Sunday, December 20, 2009
Santa and Christmas
Thursday, September 24, 2009
Fall is a coming
Friday, September 11, 2009
Love Anyway
Love Anyway. I want to love someone. Everyone wants to love someone. To have someone to care about, to hug, to love, to hold to sleep deeply with and to have them care for you. For them to care when you hurt and how you hurt and if they can do something to ease that pain for you. Someone there in the night, when the dreams are bad and the night is so long. To love someone and know they are thinking about you as you are them and when they can see you again and how much longer till the day is done and you are together again. To argue with, to not see eye to eye but to still care enough to call to see how you are during the work day or when you are apart.
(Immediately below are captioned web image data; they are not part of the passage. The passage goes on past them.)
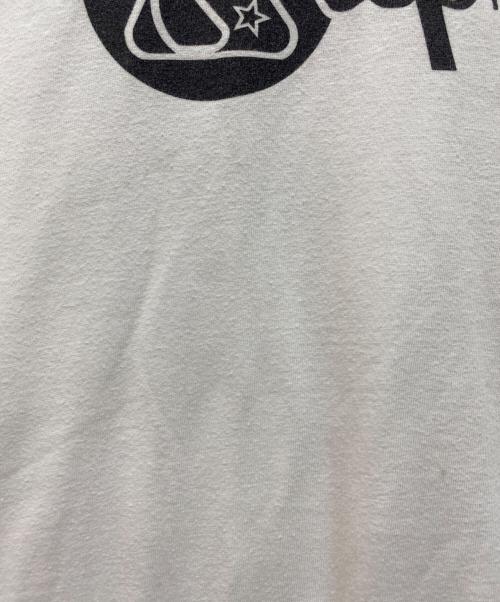 SUPREME（シュプリーム）SUPREME (シュプリーム) Records Tee ホワイト サイズ:XLの古着・服飾アイテム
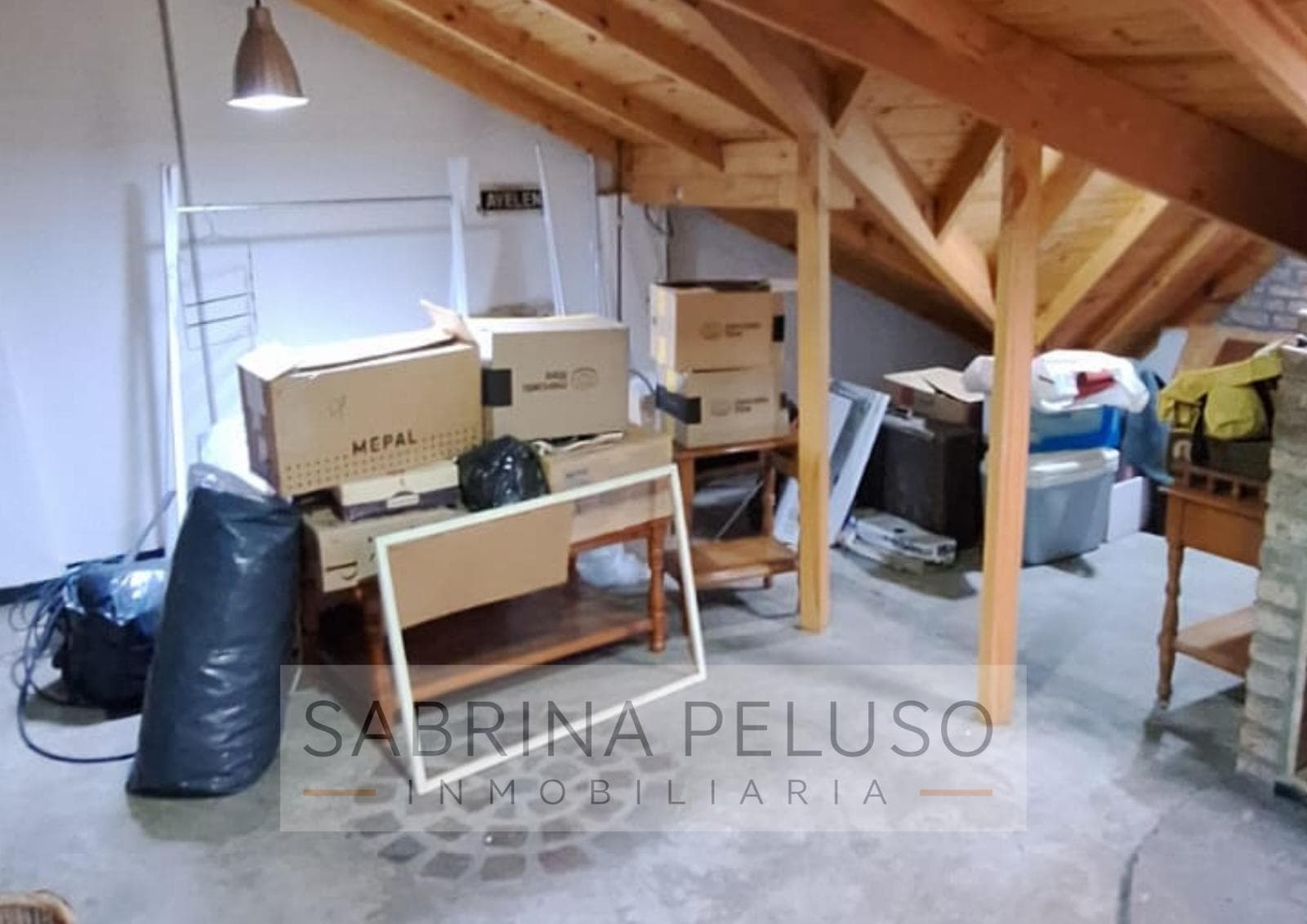 House for Sale in Moreno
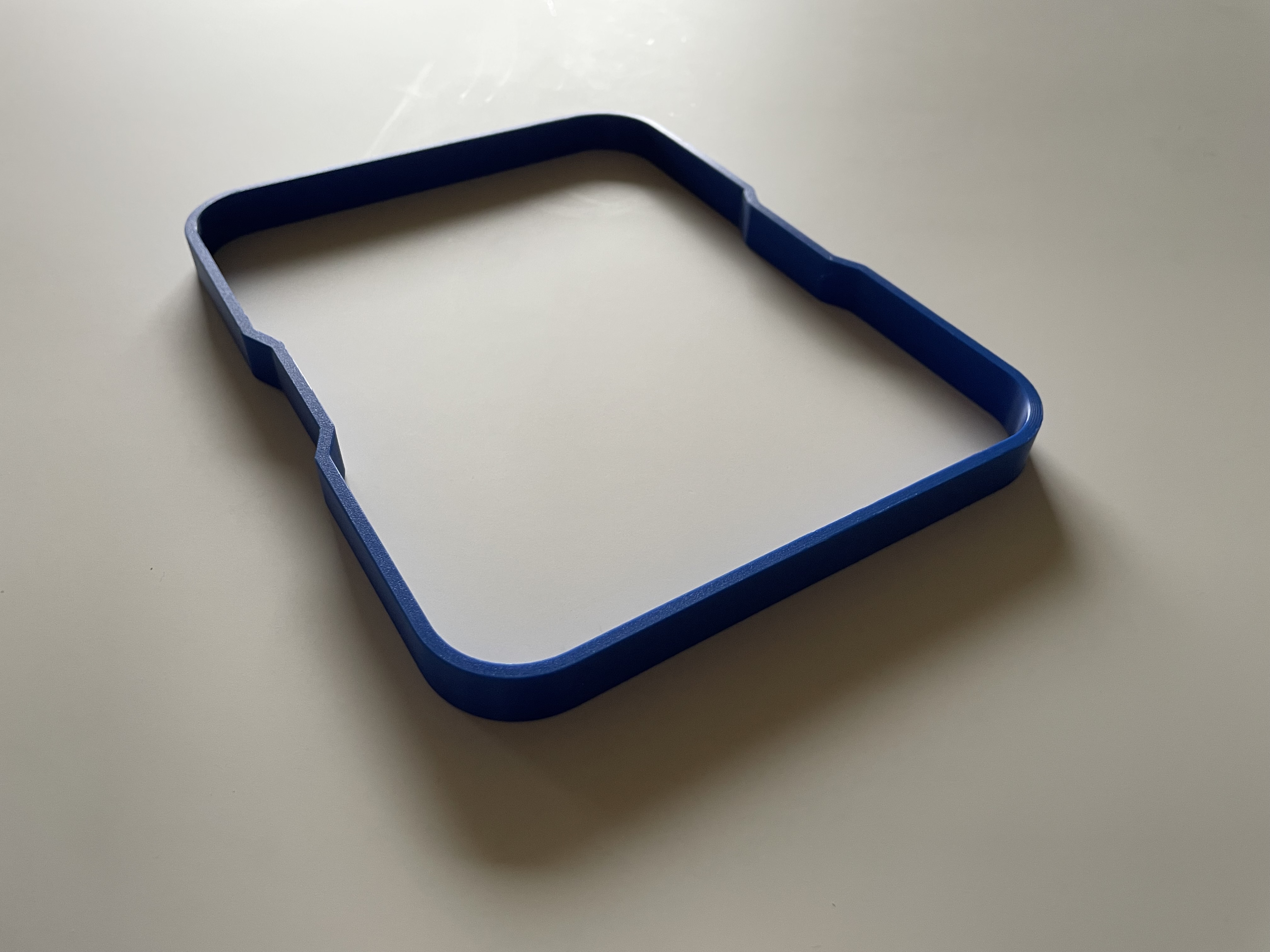IKEA HÅLLBAR bag holder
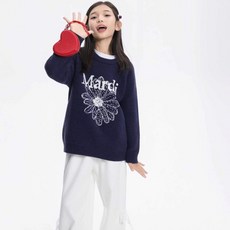 Mradi 大童裝 針織毛衣 毛衣 打底衣 防寒衣 衝鋒衣 上衣 兒童毛衣 C-MY006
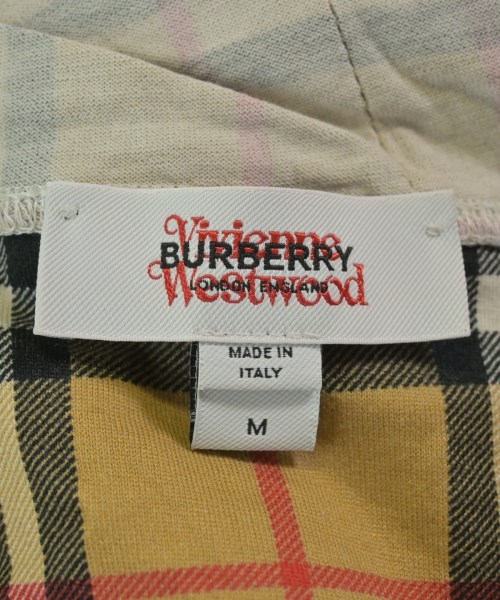 BURBERRY（バーバリー）Tシャツ・カットソー 白 サイズ:M レディース/2200597767043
Love often, over and over and over. it does not matter the times you get hurt or the times your love is not returned equally. Just love and one of those times, you will love and it will be the same and you won't get hurt and all the other times won't matter. All that matters is just this one time, the one that didn't hurt, the one that matched perfectly. Don't be afraid to love, you will make a difference in your loving, even if it wasn't right all those other times and you will make a difference in the lives of others. Its fall and the Sept. heat and the leaves have started to turn, and the football season is upon us again and times are still tough for people with and without jobs and its hard to make the ends meet again, but we are people with hope and even the friends and neighbors and family who invite you to supper or bring you leftovers are there to cherish and the ones who are having a tough time, you be there for them and it will benefit you too. We always wish we could do more but what we do really matters.
Thursday, March 19, 2009
Happy Allergy Time People
It finally is Spring, along with allergies, sneezing, coughing, pollen and itching..but at least its warmer and the weather is beautiful. The furry critters are out and about and you cant see her but Lucy is down at the bottom of the tree just daring that furry tail rat to come on down. Every one is doing good and my gran in NEESES has a couple more horses and they are pretty. My little gran here is doing great at school and almost finished with the 5th grade. How proud I am of both of them. Im good, but broke, thanks to the greed of Wall st. and the banks and the crap going on in the new administration...its crazy and no one seems to know what the heck is happening.
Hope we didn't get ourselves into something really, really bad. Its just strange the way higher up people and companies just don't pay their taxes and lie about it. Well, on to raking yards for a couple bucks, except now they are all done and we are just waiting for the grass to come in.....love the smell of grass....watch out for April fool!